Learning TEI Publisher

Impressions from learning to transform TEI XML with a very powerful tool, somewhat underdocumented at more advanced levels.

Posted by Neven Jovanović on October 24, 2021

To learn how to use the TEI Publisher, a system for displaying XML (and other) documents, I set myself three tasks:

  1. Publish a TEI edition of a poem in several cantos, with annotations in attributes (enjambements and verse numbers) and with marginal notes
  2. Color-code each enjambement type and display the verse in respective color
  3. Display verse numbers on the left side of each verse

Briefly, about the poem. It is the first epic poem in Croatian, the Judita by Marko Marulić, written in 1501 and published in 1521; it has six cantos and 2126 verses.
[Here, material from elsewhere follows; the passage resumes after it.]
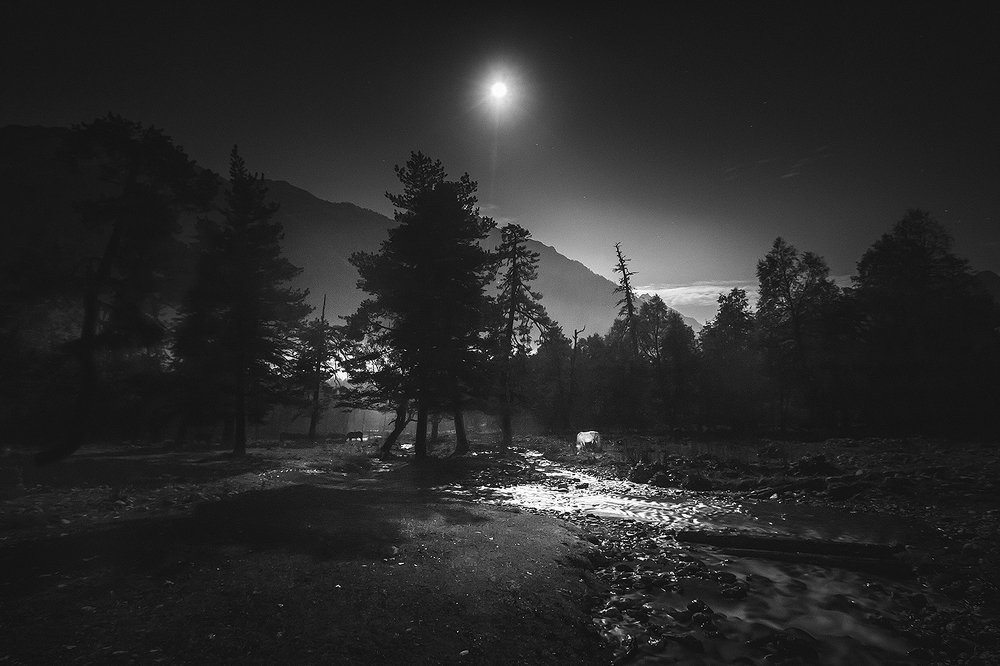 Лошадка, где ты !?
This year, Croatia celebrates the 500th anniversary of the first edition of Judita. In April 2021, I presented a paper on the annual Marulić Days conference in Split, the Colloquium Marulianum XXXI, comparing enjambements in Judita and in Marulić’s Latin epic, the Davidias. The XML files provided the data for the paper; currently I am reviewing the enjambement annotations.

The TEI Publisher is built on eXist, an XML database which uses XQuery as its query language. The TEI Publisher is an ambitious attempt to use the mechanisms provided by the TEI standard to transform XML into presentation formats for different media, from HTML to LaTeX and PDF. TEI Publisher is now in its version 7.1.0, and it is a very complete system that just works. For experimenting and learning, I used its docker image.

1. Publish a TEI edition

TEI Publisher via docker made the first task ridiculously easy. You choose the Playground collection (for testing), login as the demo user (the information is provided on the page), and upload the TEI XML file. That is all, and it is how it should be.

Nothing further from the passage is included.